(there was a comment about animating to camera)
Yeah, absolutely, cameras can be a pain. Often times I do a duplicate when there is one with camera shake and have no shake in it (you don't want to have smooth arcs while the camera is shaking, so don't check spacing on a shaky cam). And for traveling cameras I check perspective mode.
Yeah, the jump is floaty, you could try 50% faster. In quicktime I changed the playback speed to 1.5 and it felt better.
You also still have that turn pop, from x149 to x150. Looking at the image, I tracked the spacing of his left jaw side line, starting around x146. The red lines show you where the jump is from x149 to 150. #1 (green) is frame 148, #2 is x149, as you can see the spacing is pretty small, and it was small a few frames before. But then to #3 you suddenly have a big spacing gab. With such a big head a quick one frame move like that sticks out.

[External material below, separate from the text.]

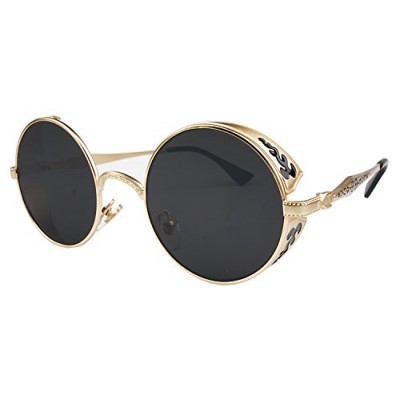 Vivian & Vincent Vintage Hippie Retro Metal Round Circle Frame Sunglasses (Gold Frame Black Lens)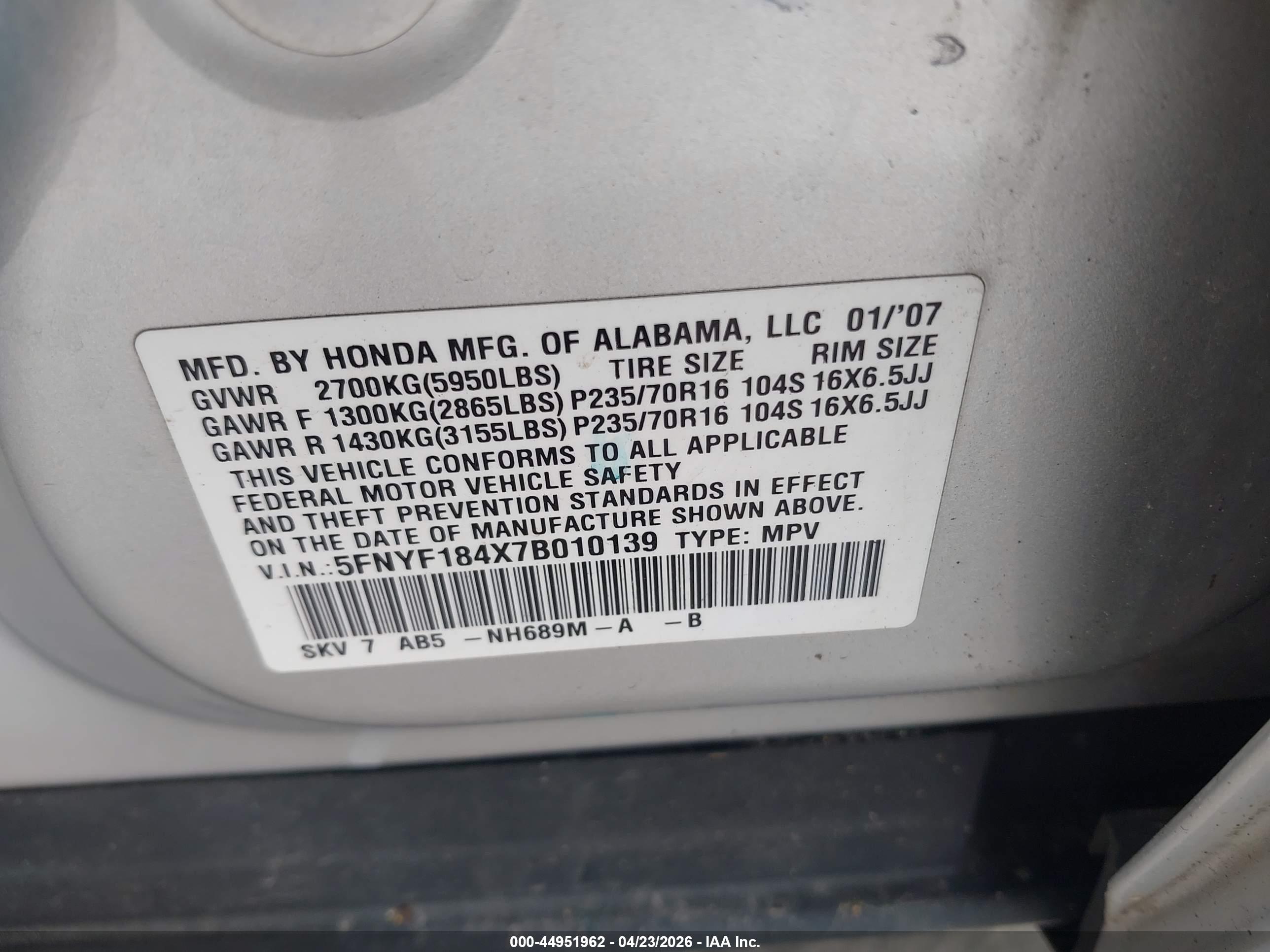 HONDA PILOT image 9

The charge is not too fast, but you need to consider the physics and mechanics of him charging. The charge starts at x239. His front left foot is on the ground for one frame. On x238 his right one was on the ground for two frames. During all that time the back legs were off the ground. Would an animal of this size be able to suddenly charge using only his front legs, or even only one? That just feels off. I would start the charge at x233, so that the animal is using the back legs to push off and the front legs afterwards to lunge forward to help with the momentum, like a human with his/her legs and arms for the swing. Then you transition into a faster run and it will feel more motivated by the actions of the animal.
Let me know if that doesn't make sense.